# [Task statement]
Every line of the listing below should come back exactly as written, with no images.

▼

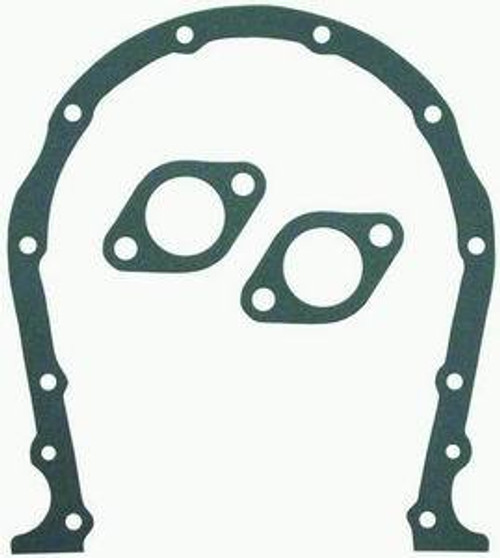 Timing Cover Gasket - 0.031 in Thick - Composite - Big Block Chevy - Kit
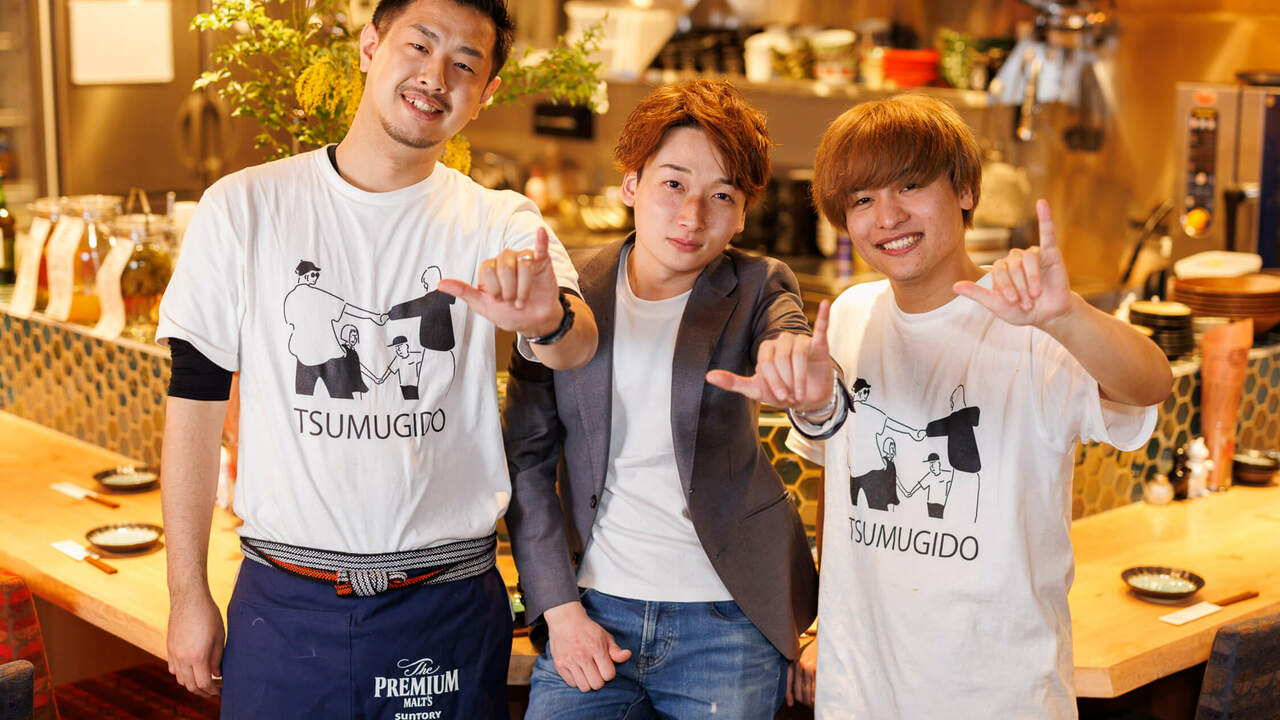 酒場　ひまり堂　恵比寿店のこだわりポイントの写真4枚目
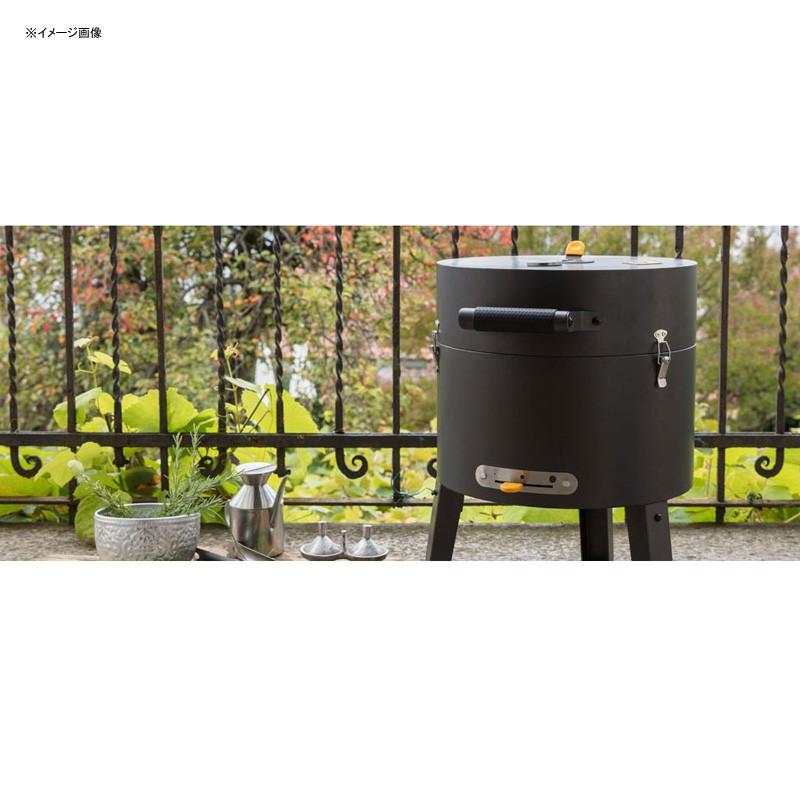 BORETTI BBQ・七輪・焚火台 ボレッティ TONELLO(トネロ) ブラック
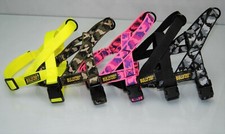 Bullyzei Norwegergeschirr TARN Gr.S Französische Bulldogge Jack Russel Pudel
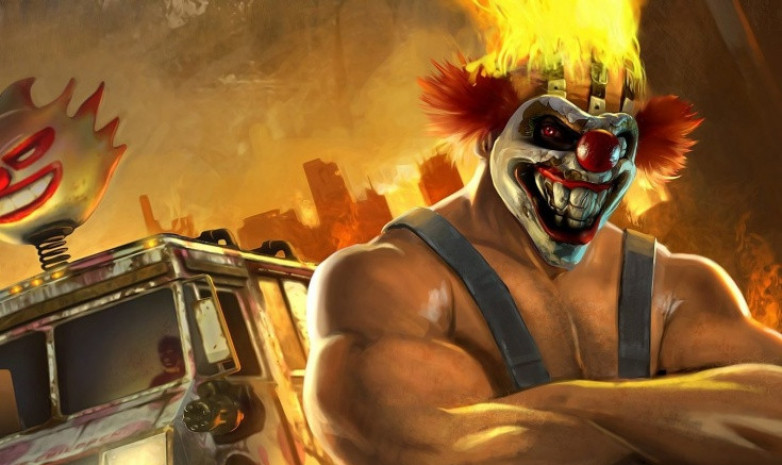 Раскрыты подробности касательно перезапуска Twisted Metal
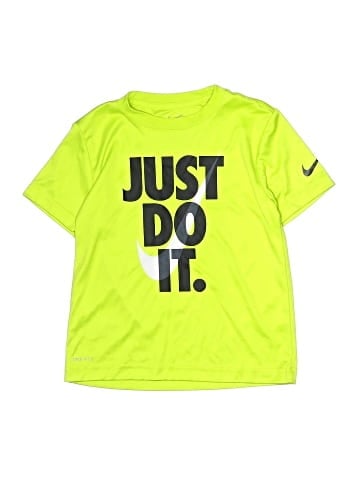 Nike Active T-Shirt (view 1)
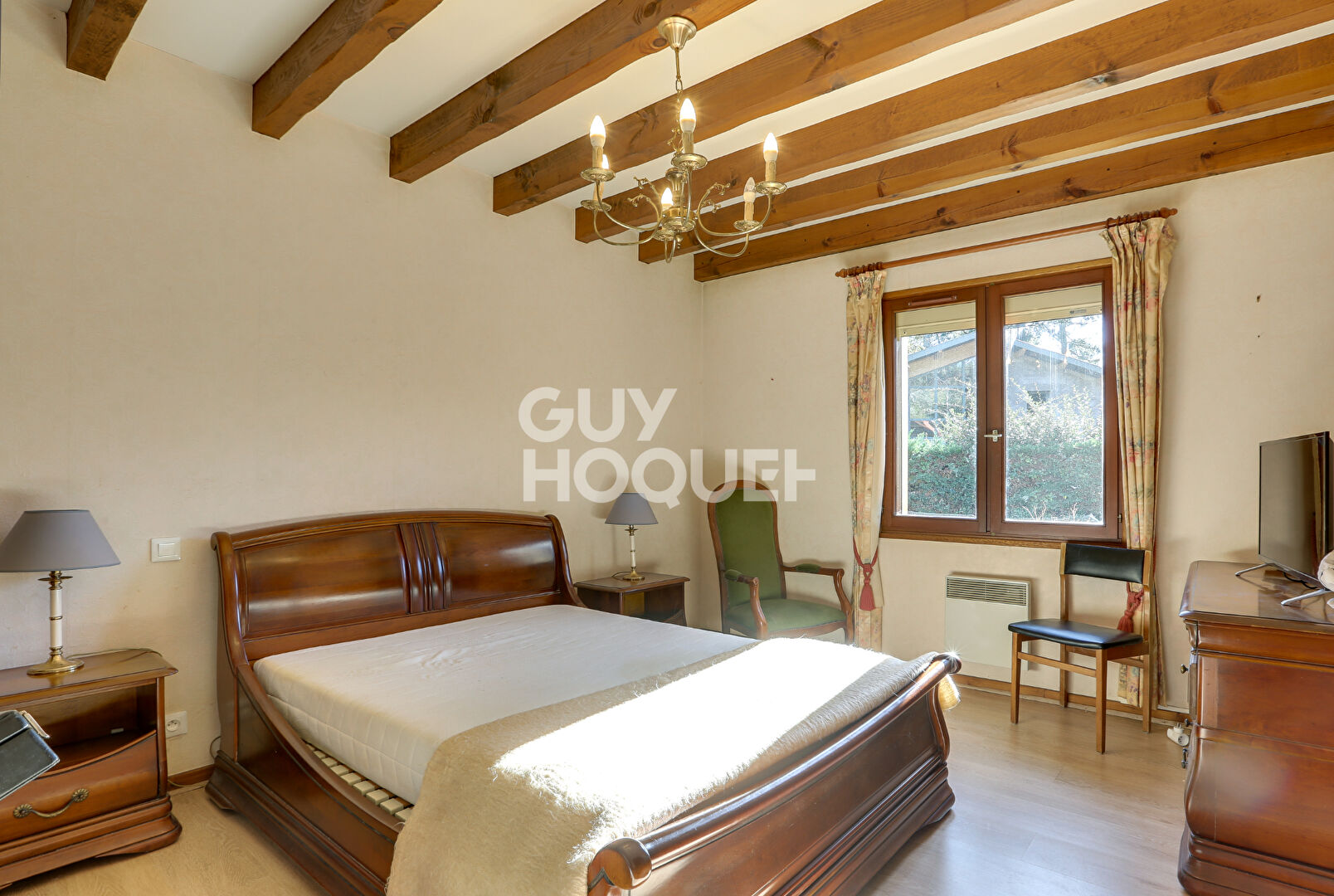 Charmante maison landaise quartier d'Yreye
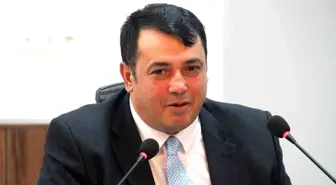 Kütahya Gazeteciler Cemiyeti Başkanı'ndan Basın Sorunlarına Dikkat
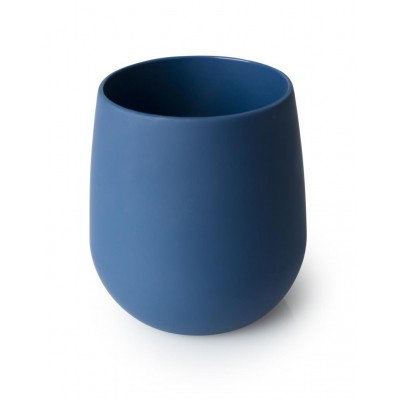 Bathroom Tumbler Indigo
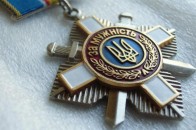 Порошенко посмертно нагородив трьох волинських Героїв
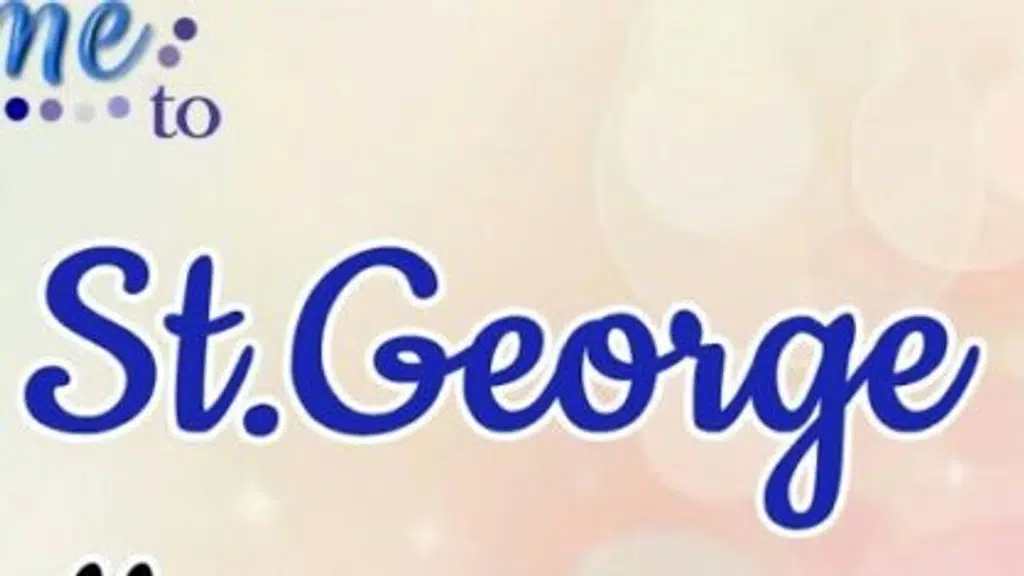St.George Nino's Block CBSE Vidyanagar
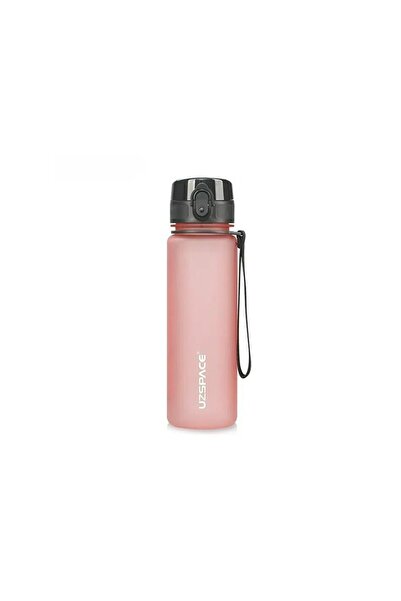 Vagonlife Uzspace 3037-3 Glow Pink 650ml Water Bottle
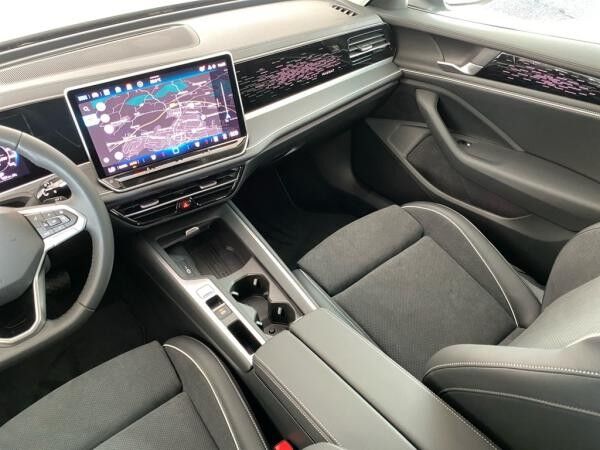 Volkswagen Passat Variant 1.5 TSI eHybrid Business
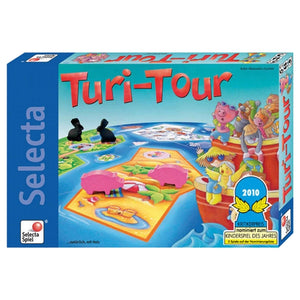 Selecta - Turi-Tour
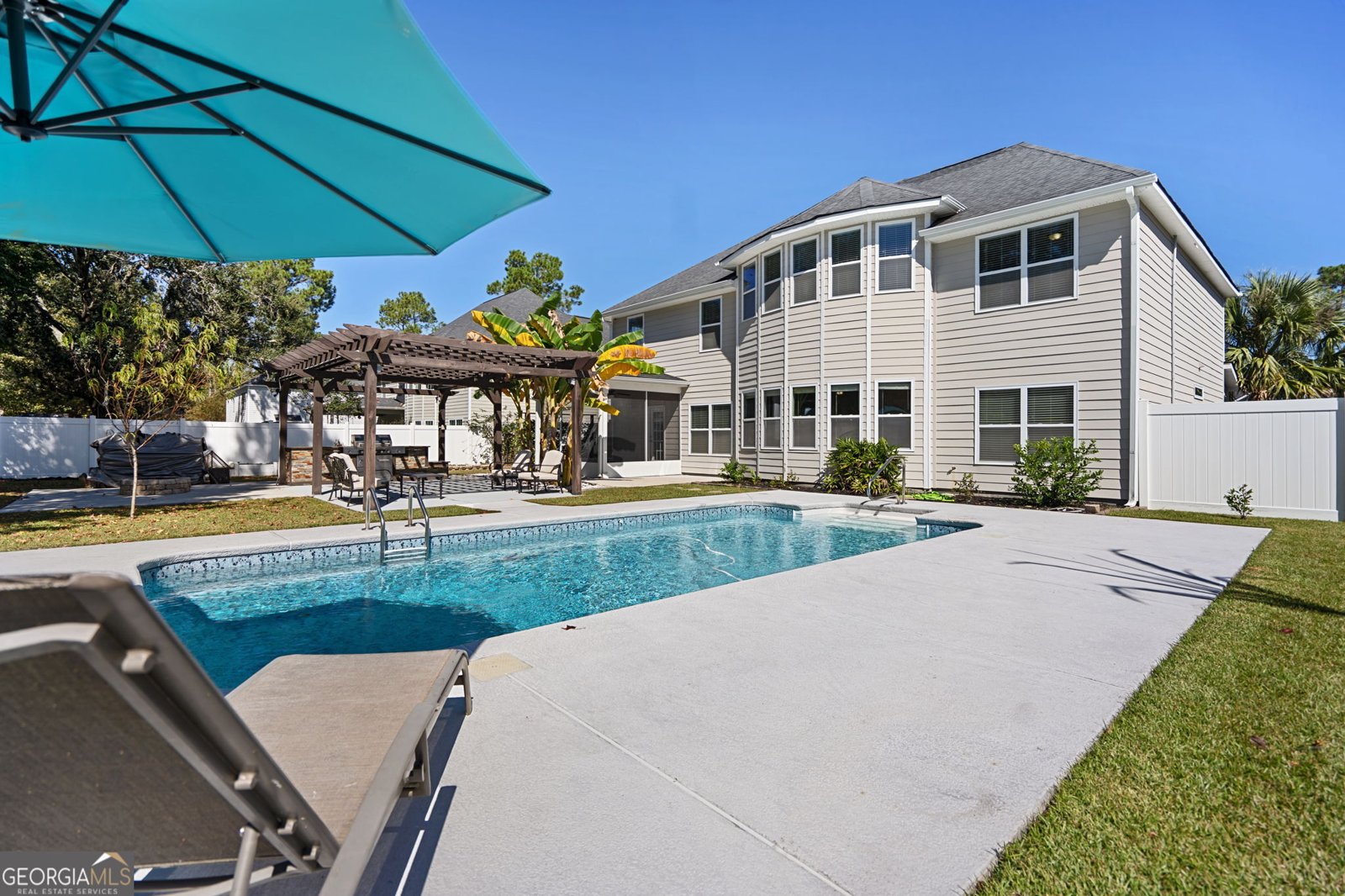 210 Blandford Way Rincon - 45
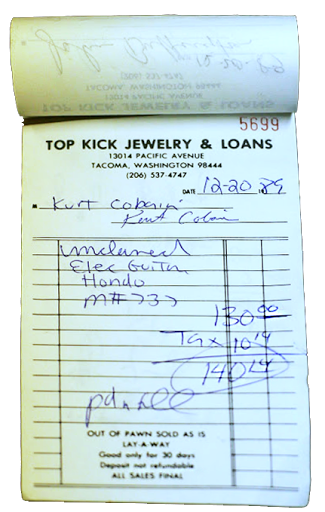 Pawn Shop «Topkick Jewelry & Loans», reviews and photos, 13014 Pacific Ave S, Tacoma, WA 98444, USA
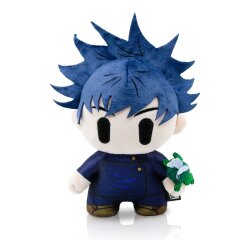 Jujutsu Kaisen DZNR Plüschfigur Megumi Fushiguro Cursed Energy Edition 18 cm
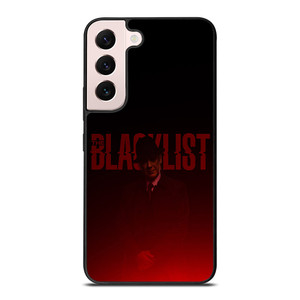 RAYMOND REDDINGTON THE BLACKLIST Samsung Galaxy S22 Plus Case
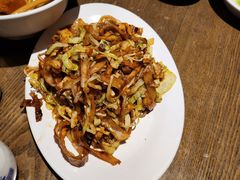 -河沿肉饼Beijing Pie(东华门店)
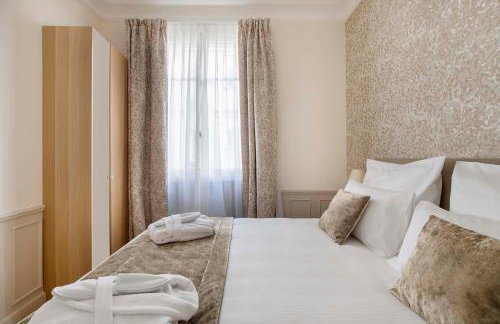LE BEAU MARAIS - Luxury Apartments, AIR COND, LIFT - Photo 122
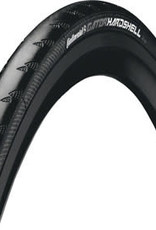 CONTINENTAL CONTINENTAL GATORSKIN HARDSHELL BLACK EDITION FOLDING CLINCHER TIRE 700 x 28c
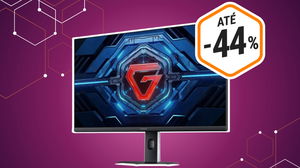 Novo monitor gaming da Xiaomi chega à Powerplanet a preço de saldo!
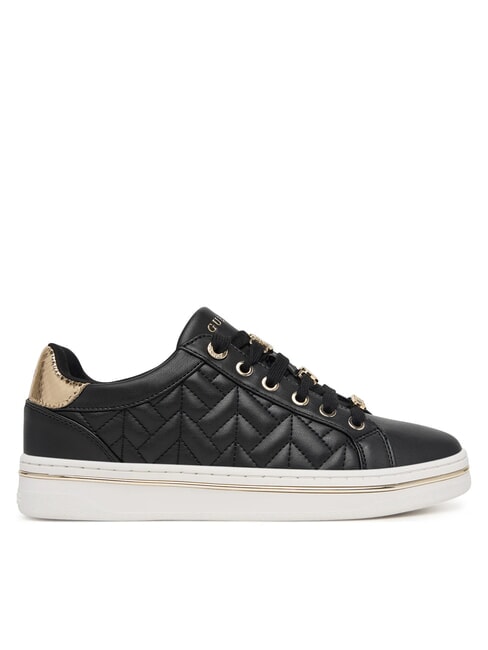 SOTHA Baskets pour femmes NOIR - Chaussures Femme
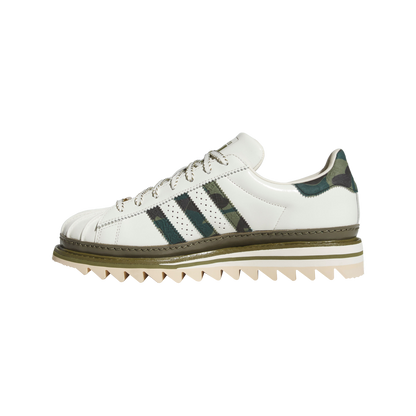 Adidas CLOT x BAPE Superstar BY EC Sneakers - view 2
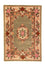 Tapis chinois - 182 x 122 cm - marron clair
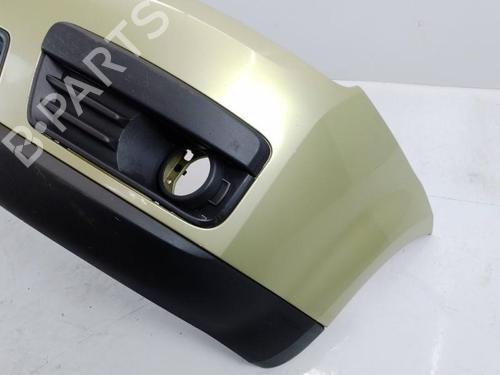 Front bumper FORD FOCUS C-MAX (DM2) 1.8 TDCi | BP37621159C7 - Image 3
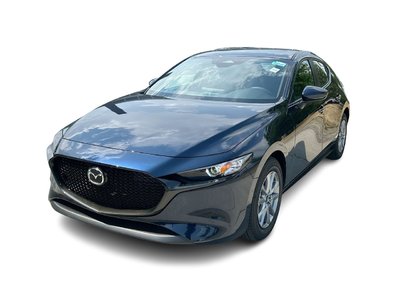 Mazda 3 Sport  2025 à Scarborough, Ontario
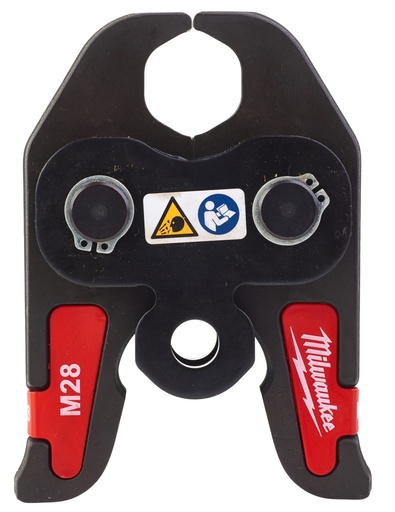 [861280954] Milwaukee M18 pressbakke, M28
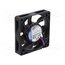 714F Fan: DC; axial; 24VDC; 70x70x15mm; 44m3/h; 38dBA; slide; 5300rpm 80dEqNjp-hyQXS0n43Ci5aMTs5Vq0pTQb7jBELAXeJY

▲

# [Result for this exercise]
 Timing Cover Gasket - 0.031 in Thick - Composite - Big Block Chevy - Kit
 酒場　ひまり堂　恵比寿店のこだわりポイントの写真4枚目
 BORETTI BBQ・七輪・焚火台 ボレッティ TONELLO(トネロ) ブラック
 Bullyzei Norwegergeschirr TARN Gr.S Französische Bulldogge Jack Russel Pudel
 Раскрыты подробности касательно перезапуска Twisted Metal
 Nike Active T-Shirt (view 1)
 Charmante maison landaise quartier d'Yreye
 Kütahya Gazeteciler Cemiyeti Başkanı'ndan Basın Sorunlarına Dikkat
 Bathroom Tumbler Indigo
 Порошенко посмертно нагородив трьох волинських Героїв
St.George Nino's Block CBSE Vidyanagar
 Vagonlife Uzspace 3037-3 Glow Pink 650ml Water Bottle
 Volkswagen Passat Variant 1.5 TSI eHybrid Business
 Selecta - Turi-Tour
 210 Blandford Way Rincon - 45
 Pawn Shop «Topkick Jewelry & Loans», reviews and photos, 13014 Pacific Ave S, Tacoma, WA 98444, USA
 Jujutsu Kaisen DZNR Plüschfigur Megumi Fushiguro Cursed Energy Edition 18 cm
 RAYMOND REDDINGTON THE BLACKLIST Samsung Galaxy S22 Plus Case
 -河沿肉饼Beijing Pie(东华门店)
LE BEAU MARAIS - Luxury Apartments, AIR COND, LIFT - Photo 122
 CONTINENTAL CONTINENTAL GATORSKIN HARDSHELL BLACK EDITION FOLDING CLINCHER TIRE 700 x 28c
 Novo monitor gaming da Xiaomi chega à Powerplanet a preço de saldo!
 SOTHA Baskets pour femmes NOIR - Chaussures Femme
 Adidas CLOT x BAPE Superstar BY EC Sneakers - view 2
 Tapis chinois - 182 x 122 cm - marron clair
 Front bumper FORD FOCUS C-MAX (DM2) 1.8 TDCi | BP37621159C7 - Image 3
 Mazda 3 Sport  2025 à Scarborough, Ontario
 [861280954] Milwaukee M18 pressbakke, M28
 714F Fan: DC; axial; 24VDC; 70x70x15mm; 44m3/h; 38dBA; slide; 5300rpm 80dEqNjp-hyQXS0n43Ci5aMTs5Vq0pTQb7jBELAXeJY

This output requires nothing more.